Roasted Cauli-Mash

My first attempt ever at cauli-mash and it won’t be the last. This was so delicious + easy. I paired it with a large mushroom cap sautéed in homemade vegan bbq sauce + shredded kale/sprouts. Perfect side for ANY meal!


Serves 4

1 medium cauliflower, cut into pieces (size doesn’t matter too much here, we’ll blend later)

3 fresh garlic cloves, peeled + whole

1/2 cup vegetable stock

avocado oil

fresh parsley, chopped

fresh chives, chopped

salt + pepper

Note: I rarely measure my herbs. Feel free to use as much as you wish.

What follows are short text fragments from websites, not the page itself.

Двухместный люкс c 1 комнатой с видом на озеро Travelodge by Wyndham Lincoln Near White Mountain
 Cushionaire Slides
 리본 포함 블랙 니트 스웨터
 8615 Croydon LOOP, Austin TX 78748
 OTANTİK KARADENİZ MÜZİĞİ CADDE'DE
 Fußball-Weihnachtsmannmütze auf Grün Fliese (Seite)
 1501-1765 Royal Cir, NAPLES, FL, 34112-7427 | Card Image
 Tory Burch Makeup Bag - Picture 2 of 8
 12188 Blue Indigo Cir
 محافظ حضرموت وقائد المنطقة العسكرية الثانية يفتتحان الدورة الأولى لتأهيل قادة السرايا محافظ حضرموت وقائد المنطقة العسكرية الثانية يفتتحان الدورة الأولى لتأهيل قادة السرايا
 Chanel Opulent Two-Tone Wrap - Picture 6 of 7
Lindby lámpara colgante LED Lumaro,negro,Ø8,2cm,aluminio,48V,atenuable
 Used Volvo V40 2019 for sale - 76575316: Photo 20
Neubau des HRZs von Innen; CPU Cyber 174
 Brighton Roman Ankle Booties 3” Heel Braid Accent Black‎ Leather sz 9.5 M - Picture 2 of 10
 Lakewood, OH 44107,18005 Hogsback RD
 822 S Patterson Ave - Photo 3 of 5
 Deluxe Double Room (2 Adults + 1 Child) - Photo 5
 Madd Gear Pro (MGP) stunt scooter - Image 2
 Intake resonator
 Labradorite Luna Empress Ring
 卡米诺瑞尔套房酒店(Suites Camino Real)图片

  1. Preheat oven to 425 degrees. Add chopped cauliflower pieces and garlic cloves onto parchment lined baking sheet. Drizzle with avocado oil + sea salt. Place in oven for about 40-50 minutes. Cauliflower should be browned and soft (NOT mushy).
  2. Remove from oven and allow to cool for a few minutes.
  3. Transfer cauliflower + garlic to blender. Add fresh parsley and a splash of vegetable stock.
  4. Begin to pulse mixture until desired mash texture is achieved. Add vegetable stock as needed. Add salt + pepper to taste.
  5. Finish with chopped chives. Ta da!